WHAT YOU NEED TO DO. Please copy exactly every line from the one that contains "Hajime no Ippo Chapter 487 - Page 14" to the end of the data below, with both ends included and no other lines.

RECORDS PROVIDED.
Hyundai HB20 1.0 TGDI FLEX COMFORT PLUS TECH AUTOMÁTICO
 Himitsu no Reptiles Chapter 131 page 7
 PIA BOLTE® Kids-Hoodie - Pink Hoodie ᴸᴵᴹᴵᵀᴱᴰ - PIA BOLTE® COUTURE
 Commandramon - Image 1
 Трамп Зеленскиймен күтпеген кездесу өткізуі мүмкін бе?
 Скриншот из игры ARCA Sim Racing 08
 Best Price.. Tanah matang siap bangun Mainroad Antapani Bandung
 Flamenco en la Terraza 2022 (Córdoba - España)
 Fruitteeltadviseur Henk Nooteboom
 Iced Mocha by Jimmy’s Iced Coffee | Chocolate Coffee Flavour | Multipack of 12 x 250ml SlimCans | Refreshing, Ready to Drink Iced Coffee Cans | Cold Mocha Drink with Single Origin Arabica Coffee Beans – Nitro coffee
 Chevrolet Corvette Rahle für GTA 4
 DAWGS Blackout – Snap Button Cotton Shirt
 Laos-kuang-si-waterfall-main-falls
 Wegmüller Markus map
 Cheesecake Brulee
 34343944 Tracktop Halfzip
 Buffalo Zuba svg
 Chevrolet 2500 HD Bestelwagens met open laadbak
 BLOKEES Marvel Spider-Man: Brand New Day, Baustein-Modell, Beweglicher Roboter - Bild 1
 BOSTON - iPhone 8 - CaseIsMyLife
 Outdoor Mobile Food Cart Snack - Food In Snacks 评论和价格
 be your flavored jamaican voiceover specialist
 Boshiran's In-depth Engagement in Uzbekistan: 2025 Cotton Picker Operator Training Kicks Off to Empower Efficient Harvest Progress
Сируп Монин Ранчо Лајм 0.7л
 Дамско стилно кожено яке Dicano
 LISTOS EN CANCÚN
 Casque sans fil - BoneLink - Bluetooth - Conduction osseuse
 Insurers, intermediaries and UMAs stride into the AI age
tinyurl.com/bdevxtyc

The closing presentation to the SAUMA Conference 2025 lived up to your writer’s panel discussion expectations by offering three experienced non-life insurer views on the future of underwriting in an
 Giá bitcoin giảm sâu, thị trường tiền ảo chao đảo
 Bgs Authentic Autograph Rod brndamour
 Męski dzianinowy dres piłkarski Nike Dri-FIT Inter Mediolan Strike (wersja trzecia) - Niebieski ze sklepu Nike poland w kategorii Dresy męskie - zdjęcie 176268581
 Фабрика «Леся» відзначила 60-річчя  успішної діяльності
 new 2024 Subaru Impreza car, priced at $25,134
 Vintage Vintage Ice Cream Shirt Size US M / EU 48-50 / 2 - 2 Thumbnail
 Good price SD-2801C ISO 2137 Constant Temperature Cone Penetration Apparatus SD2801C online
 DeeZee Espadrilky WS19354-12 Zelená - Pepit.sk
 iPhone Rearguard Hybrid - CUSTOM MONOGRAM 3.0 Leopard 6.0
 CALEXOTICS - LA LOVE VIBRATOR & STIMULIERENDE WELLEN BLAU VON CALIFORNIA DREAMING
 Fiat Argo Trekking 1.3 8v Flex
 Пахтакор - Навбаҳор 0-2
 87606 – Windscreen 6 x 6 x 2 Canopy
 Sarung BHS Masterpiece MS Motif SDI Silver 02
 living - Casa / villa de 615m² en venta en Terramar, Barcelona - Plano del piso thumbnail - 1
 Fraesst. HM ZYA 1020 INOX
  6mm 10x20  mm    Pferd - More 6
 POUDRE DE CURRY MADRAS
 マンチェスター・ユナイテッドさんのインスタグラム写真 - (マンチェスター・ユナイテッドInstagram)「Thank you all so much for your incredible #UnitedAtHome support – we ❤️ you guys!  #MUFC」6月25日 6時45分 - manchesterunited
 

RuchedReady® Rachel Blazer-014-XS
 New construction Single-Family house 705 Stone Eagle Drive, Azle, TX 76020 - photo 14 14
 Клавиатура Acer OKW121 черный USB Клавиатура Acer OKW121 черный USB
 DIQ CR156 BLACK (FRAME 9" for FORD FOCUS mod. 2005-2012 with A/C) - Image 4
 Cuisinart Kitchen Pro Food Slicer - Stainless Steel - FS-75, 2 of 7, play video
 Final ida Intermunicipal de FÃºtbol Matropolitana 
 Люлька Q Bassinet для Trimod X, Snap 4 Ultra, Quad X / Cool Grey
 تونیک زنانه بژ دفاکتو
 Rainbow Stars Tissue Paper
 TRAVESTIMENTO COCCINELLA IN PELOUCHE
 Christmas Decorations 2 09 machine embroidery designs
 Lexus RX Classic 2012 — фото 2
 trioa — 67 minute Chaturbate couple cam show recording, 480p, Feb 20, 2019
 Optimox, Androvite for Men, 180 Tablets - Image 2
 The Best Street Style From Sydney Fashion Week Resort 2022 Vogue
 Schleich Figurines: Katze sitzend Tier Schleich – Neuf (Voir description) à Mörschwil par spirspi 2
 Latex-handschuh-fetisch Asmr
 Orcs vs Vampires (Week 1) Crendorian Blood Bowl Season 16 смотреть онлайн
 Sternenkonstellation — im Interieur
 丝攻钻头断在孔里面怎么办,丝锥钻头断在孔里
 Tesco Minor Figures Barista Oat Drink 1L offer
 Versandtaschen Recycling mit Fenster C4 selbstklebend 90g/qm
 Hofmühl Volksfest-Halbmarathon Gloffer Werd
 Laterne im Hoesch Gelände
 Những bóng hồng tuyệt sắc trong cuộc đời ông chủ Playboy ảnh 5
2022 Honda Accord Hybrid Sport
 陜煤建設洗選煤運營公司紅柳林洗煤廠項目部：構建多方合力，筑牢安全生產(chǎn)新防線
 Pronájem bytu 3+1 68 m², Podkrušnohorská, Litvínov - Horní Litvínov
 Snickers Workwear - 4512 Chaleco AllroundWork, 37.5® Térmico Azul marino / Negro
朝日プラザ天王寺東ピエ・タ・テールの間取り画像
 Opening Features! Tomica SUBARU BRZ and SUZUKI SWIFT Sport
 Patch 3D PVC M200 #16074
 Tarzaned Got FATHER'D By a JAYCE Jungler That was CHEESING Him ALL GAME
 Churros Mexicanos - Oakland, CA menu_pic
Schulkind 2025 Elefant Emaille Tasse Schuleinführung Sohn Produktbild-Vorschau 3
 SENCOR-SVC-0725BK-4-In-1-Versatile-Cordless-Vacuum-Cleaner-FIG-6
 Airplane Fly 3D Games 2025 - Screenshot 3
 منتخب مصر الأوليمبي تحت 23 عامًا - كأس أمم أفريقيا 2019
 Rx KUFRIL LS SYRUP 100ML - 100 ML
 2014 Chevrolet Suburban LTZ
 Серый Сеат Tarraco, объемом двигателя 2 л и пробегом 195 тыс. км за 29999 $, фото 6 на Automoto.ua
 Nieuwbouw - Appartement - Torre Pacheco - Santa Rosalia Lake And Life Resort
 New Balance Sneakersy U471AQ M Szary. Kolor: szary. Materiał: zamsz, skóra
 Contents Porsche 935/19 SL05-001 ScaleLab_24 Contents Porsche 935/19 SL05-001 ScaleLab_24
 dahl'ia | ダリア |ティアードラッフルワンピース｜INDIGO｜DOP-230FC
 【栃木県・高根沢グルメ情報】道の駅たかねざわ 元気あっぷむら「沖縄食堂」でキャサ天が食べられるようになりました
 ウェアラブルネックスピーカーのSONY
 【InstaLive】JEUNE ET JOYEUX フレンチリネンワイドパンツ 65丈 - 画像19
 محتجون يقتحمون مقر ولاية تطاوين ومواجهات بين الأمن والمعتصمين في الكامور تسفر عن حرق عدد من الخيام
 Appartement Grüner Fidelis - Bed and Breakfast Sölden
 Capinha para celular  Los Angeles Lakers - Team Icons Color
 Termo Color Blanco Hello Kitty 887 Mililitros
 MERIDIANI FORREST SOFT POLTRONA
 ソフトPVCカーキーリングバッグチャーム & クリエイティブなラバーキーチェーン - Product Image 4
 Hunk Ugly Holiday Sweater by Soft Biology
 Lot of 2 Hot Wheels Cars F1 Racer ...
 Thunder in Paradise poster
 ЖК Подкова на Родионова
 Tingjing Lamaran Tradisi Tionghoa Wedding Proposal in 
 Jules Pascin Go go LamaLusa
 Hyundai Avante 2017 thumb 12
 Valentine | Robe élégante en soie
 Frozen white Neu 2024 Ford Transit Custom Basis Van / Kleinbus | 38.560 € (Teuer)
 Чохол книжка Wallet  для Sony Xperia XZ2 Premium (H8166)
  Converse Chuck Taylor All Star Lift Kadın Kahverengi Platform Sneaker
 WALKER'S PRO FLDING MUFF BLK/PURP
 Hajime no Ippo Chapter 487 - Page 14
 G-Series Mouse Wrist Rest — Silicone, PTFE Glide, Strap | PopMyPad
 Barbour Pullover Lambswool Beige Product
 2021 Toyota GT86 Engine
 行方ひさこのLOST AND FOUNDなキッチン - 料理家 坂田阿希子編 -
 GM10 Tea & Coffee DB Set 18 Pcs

RESPONSE TO THE EXERCISE.
 Hajime no Ippo Chapter 487 - Page 14
 G-Series Mouse Wrist Rest — Silicone, PTFE Glide, Strap | PopMyPad
 Barbour Pullover Lambswool Beige Product
 2021 Toyota GT86 Engine
 行方ひさこのLOST AND FOUNDなキッチン - 料理家 坂田阿希子編 -
 GM10 Tea & Coffee DB Set 18 Pcs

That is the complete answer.